Yea that's basically it. Think of the good churchy girl who is always trying to tame the bad boys. She's identified herself so much with her Calvinistic persona that she doesn't even recognize that she is basically living out her more wild side through the men she meets and of course can never be satisfied because what she's really trying to tame is within, her animus. 

Now Jung said that it is possible to go the other way around where people over identify with their anima/animus complex but to him the likely end result of that might be say homosexuality (I dunno how I personally feel about that but Jung doesn't seem to find anything wrong with being gay just that to him it often seemed that the person ended up becoming his contrasexual ideal rather than projecting it or looking for it outwardly -- that's probably somewhat controversial these days though). In this situation though because the anima/animus is still a complex and unconscious the person would just see it as 'them.' 

The other thing about anima/animus is that it manifests itself differently at different stages. What Jung called Eve, Helen, Mary and Sophia -- symbolic names for the different levels of how people conceptualize the opposite sex (and when I say sex I mean masculine/feminine not male/female in a literal sense). Jung thought that the porn star/stripper/femme fatale (or muscle man in the case of a woman) was the most basic and primitive understanding, followed by a more nurturing/protective/lawyer-like (in men) conceptualization. If the first stage was where men looked for the easy sexy girl, the second stage was where men might seek out a motherly figure. As people mature they have a tendency to see the opposite sex in the third stage as pure and impossibly virtuous.
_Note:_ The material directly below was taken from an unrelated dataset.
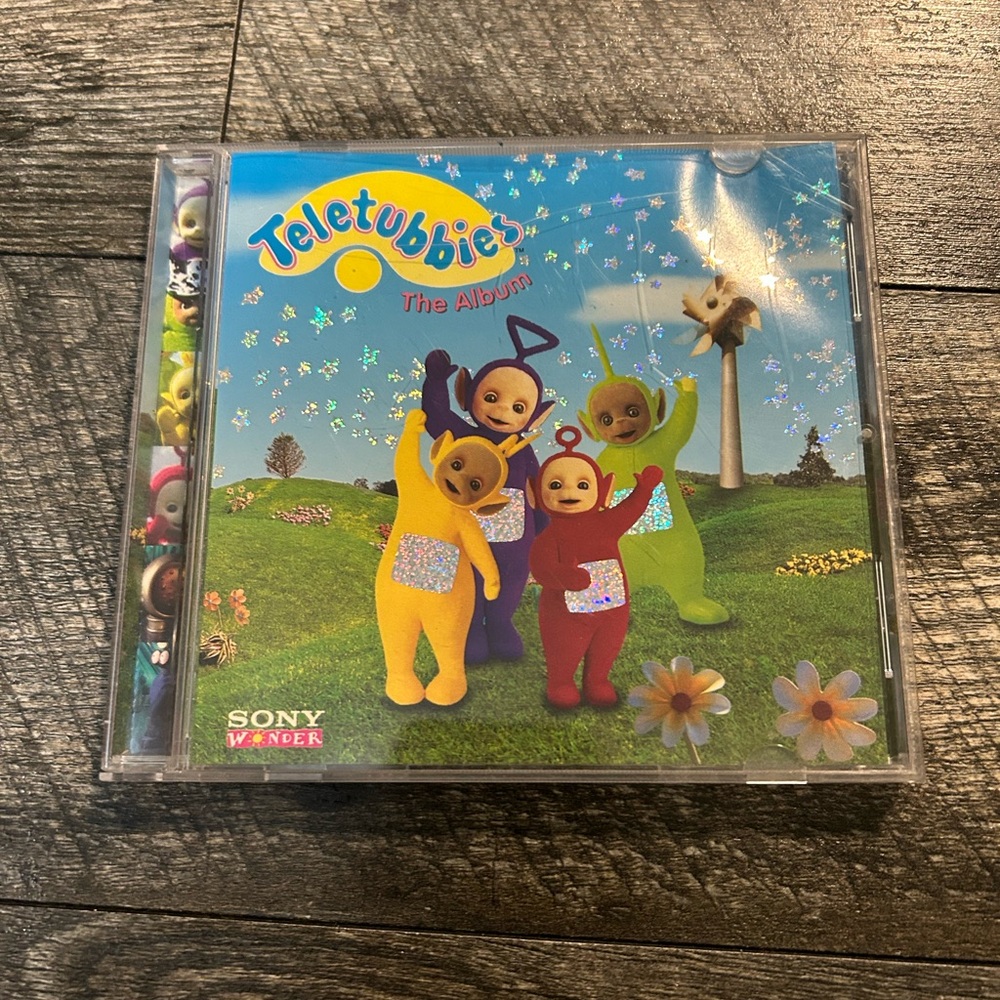 Teletubbies The Album Vintage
The Virgin Mary is the symbol of this, the woman who has renounced all earthly ways and exists as impossible purity (for women this might be a man of the cloth or some quest toward scholarly or poetic purity) and finally the most mature stage of anima/animus development was when you finally learn to stop projecting and see the person who for what they really are -- love with a grain of salt as Von Franz puts it. In each of the four stages as the anima/animus develops so to does the way one might approach their idea of masculine/feminine. 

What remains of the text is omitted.